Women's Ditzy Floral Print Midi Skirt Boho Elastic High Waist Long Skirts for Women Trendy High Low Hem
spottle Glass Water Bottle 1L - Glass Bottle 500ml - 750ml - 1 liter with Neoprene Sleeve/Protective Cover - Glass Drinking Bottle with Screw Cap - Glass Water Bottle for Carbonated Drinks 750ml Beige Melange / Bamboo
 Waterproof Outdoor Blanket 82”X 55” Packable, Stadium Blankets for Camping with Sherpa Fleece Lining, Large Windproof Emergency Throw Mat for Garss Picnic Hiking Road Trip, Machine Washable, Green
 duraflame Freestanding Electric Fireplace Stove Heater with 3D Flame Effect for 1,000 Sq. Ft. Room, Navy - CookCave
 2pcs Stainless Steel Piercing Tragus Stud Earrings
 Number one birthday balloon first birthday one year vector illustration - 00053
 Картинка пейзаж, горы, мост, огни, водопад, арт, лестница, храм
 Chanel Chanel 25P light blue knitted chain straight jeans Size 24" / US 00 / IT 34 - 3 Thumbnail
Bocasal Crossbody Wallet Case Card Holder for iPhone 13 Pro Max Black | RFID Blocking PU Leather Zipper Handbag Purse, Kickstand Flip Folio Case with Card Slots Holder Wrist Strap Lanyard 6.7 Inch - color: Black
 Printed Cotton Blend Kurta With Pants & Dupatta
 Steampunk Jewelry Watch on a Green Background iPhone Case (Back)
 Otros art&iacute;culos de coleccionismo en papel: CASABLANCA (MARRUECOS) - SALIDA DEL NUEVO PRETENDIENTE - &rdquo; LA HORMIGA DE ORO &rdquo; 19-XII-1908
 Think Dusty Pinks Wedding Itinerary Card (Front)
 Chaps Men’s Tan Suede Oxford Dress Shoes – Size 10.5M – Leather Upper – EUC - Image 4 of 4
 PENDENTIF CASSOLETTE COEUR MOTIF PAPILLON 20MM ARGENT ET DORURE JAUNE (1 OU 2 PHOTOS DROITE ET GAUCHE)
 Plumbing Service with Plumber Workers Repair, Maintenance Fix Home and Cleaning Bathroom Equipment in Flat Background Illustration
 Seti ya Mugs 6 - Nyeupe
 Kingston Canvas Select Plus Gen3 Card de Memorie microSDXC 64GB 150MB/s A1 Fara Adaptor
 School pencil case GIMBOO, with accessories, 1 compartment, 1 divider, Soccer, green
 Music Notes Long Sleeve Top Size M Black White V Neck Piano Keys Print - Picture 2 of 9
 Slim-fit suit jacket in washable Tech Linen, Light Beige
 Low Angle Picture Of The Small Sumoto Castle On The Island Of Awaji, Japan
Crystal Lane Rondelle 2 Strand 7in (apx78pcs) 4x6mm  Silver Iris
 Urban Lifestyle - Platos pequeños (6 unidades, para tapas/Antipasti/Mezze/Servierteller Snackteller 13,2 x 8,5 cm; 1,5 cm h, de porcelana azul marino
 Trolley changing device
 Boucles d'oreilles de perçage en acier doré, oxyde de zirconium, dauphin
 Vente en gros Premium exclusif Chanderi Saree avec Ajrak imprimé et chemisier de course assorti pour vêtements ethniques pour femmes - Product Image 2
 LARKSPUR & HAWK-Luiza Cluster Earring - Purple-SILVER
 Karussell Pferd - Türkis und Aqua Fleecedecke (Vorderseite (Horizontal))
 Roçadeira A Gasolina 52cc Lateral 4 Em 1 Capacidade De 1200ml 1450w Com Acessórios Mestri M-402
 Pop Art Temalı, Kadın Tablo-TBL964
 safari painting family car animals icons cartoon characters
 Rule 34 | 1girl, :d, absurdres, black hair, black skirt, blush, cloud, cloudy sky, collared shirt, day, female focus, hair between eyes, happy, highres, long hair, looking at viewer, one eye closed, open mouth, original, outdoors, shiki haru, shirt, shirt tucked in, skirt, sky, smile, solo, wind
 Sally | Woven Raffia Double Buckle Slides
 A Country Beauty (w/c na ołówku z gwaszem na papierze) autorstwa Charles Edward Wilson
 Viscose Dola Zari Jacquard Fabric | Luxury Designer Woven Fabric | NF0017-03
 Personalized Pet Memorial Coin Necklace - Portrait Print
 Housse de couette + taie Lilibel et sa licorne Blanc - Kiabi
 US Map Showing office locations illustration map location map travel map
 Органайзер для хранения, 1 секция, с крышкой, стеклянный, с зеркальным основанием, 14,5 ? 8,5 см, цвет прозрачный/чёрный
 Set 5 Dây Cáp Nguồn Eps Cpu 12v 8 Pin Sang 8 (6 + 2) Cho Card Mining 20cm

========================================================================

ACTIVITY: Each line of the listing is to be printed again, unchanged.

EXERCISE ANSWER:
Women's Ditzy Floral Print Midi Skirt Boho Elastic High Waist Long Skirts for Women Trendy High Low Hem
spottle Glass Water Bottle 1L - Glass Bottle 500ml - 750ml - 1 liter with Neoprene Sleeve/Protective Cover - Glass Drinking Bottle with Screw Cap - Glass Water Bottle for Carbonated Drinks 750ml Beige Melange / Bamboo
 Waterproof Outdoor Blanket 82”X 55” Packable, Stadium Blankets for Camping with Sherpa Fleece Lining, Large Windproof Emergency Throw Mat for Garss Picnic Hiking Road Trip, Machine Washable, Green
 duraflame Freestanding Electric Fireplace Stove Heater with 3D Flame Effect for 1,000 Sq. Ft. Room, Navy - CookCave
 2pcs Stainless Steel Piercing Tragus Stud Earrings
 Number one birthday balloon first birthday one year vector illustration - 00053
 Картинка пейзаж, горы, мост, огни, водопад, арт, лестница, храм
 Chanel Chanel 25P light blue knitted chain straight jeans Size 24" / US 00 / IT 34 - 3 Thumbnail
Bocasal Crossbody Wallet Case Card Holder for iPhone 13 Pro Max Black | RFID Blocking PU Leather Zipper Handbag Purse, Kickstand Flip Folio Case with Card Slots Holder Wrist Strap Lanyard 6.7 Inch - color: Black
 Printed Cotton Blend Kurta With Pants & Dupatta
 Steampunk Jewelry Watch on a Green Background iPhone Case (Back)
 Otros art&iacute;culos de coleccionismo en papel: CASABLANCA (MARRUECOS) - SALIDA DEL NUEVO PRETENDIENTE - &rdquo; LA HORMIGA DE ORO &rdquo; 19-XII-1908
 Think Dusty Pinks Wedding Itinerary Card (Front)
 Chaps Men’s Tan Suede Oxford Dress Shoes – Size 10.5M – Leather Upper – EUC - Image 4 of 4
 PENDENTIF CASSOLETTE COEUR MOTIF PAPILLON 20MM ARGENT ET DORURE JAUNE (1 OU 2 PHOTOS DROITE ET GAUCHE)
 Plumbing Service with Plumber Workers Repair, Maintenance Fix Home and Cleaning Bathroom Equipment in Flat Background Illustration
 Seti ya Mugs 6 - Nyeupe
 Kingston Canvas Select Plus Gen3 Card de Memorie microSDXC 64GB 150MB/s A1 Fara Adaptor
 School pencil case GIMBOO, with accessories, 1 compartment, 1 divider, Soccer, green
 Music Notes Long Sleeve Top Size M Black White V Neck Piano Keys Print - Picture 2 of 9
 Slim-fit suit jacket in washable Tech Linen, Light Beige
 Low Angle Picture Of The Small Sumoto Castle On The Island Of Awaji, Japan
Crystal Lane Rondelle 2 Strand 7in (apx78pcs) 4x6mm  Silver Iris
 Urban Lifestyle - Platos pequeños (6 unidades, para tapas/Antipasti/Mezze/Servierteller Snackteller 13,2 x 8,5 cm; 1,5 cm h, de porcelana azul marino
 Trolley changing device
 Boucles d'oreilles de perçage en acier doré, oxyde de zirconium, dauphin
 Vente en gros Premium exclusif Chanderi Saree avec Ajrak imprimé et chemisier de course assorti pour vêtements ethniques pour femmes - Product Image 2
 LARKSPUR & HAWK-Luiza Cluster Earring - Purple-SILVER
 Karussell Pferd - Türkis und Aqua Fleecedecke (Vorderseite (Horizontal))
 Roçadeira A Gasolina 52cc Lateral 4 Em 1 Capacidade De 1200ml 1450w Com Acessórios Mestri M-402
 Pop Art Temalı, Kadın Tablo-TBL964
 safari painting family car animals icons cartoon characters
 Rule 34 | 1girl, :d, absurdres, black hair, black skirt, blush, cloud, cloudy sky, collared shirt, day, female focus, hair between eyes, happy, highres, long hair, looking at viewer, one eye closed, open mouth, original, outdoors, shiki haru, shirt, shirt tucked in, skirt, sky, smile, solo, wind
 Sally | Woven Raffia Double Buckle Slides
 A Country Beauty (w/c na ołówku z gwaszem na papierze) autorstwa Charles Edward Wilson
 Viscose Dola Zari Jacquard Fabric | Luxury Designer Woven Fabric | NF0017-03
 Personalized Pet Memorial Coin Necklace - Portrait Print
 Housse de couette + taie Lilibel et sa licorne Blanc - Kiabi
 US Map Showing office locations illustration map location map travel map
 Органайзер для хранения, 1 секция, с крышкой, стеклянный, с зеркальным основанием, 14,5 ? 8,5 см, цвет прозрачный/чёрный
 Set 5 Dây Cáp Nguồn Eps Cpu 12v 8 Pin Sang 8 (6 + 2) Cho Card Mining 20cm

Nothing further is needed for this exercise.